The Architectural Association receives Taught Degree Awarding Powers by the Lords of Her Majesty’s Most Honourable Privy Council.

The Architectural Association (AA), the oldest independent school of architecture in the United Kingdom, is pleased to announce that it has been granted the power to award its own degrees. As of 1 October 2019, the AA has the right to establish new academic programmes and degree awards and is working to create some of the world’s most pioneering courses in architecture to shape and build the future.

Taught Degree Awarding Powers (TDAP) give UK higher education institutions the right to award bachelor’s and master’s degrees. Prospective students worldwide can apply to the AA Foundation Course (Foundation Diploma), Experimental Programme BA(Hons), Diploma Programme (MArch), and nine taught postgraduate programmes encompassing History and Critical Thinking in Architecture (MA), Projective Cities (Taught MPhil) and Sustainable Environmental Design (MSc/MArch), amongst others.

AA Director, Eva Franch said, ‘since our founding in 1847 we have never ceased to create new horizons, institutionally and academically. This is a significant milestone for the AA and demonstrates how we have grown and progressed as an institution that has always valued independence. Receiving TDAP marks a new era for our institution; these are exciting times for the AA. The process has required considerable work from all members of staff and students. I would like to take this opportunity to credit them for this major achievement’.
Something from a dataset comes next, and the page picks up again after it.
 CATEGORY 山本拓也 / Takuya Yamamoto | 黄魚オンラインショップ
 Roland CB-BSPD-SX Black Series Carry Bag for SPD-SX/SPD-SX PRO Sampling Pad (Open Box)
President of the AA Council, Victoria Thornton added, ‘the TDAP process has recognised our strong governance, academic standards, scholarship and teaching as well as the environment supporting the delivery of taught higher education programmes’.

The School’s application for Taught Degree Awarding Powers was supported by the Architects Registration Board, the Royal Institute of British Architects and The Open University.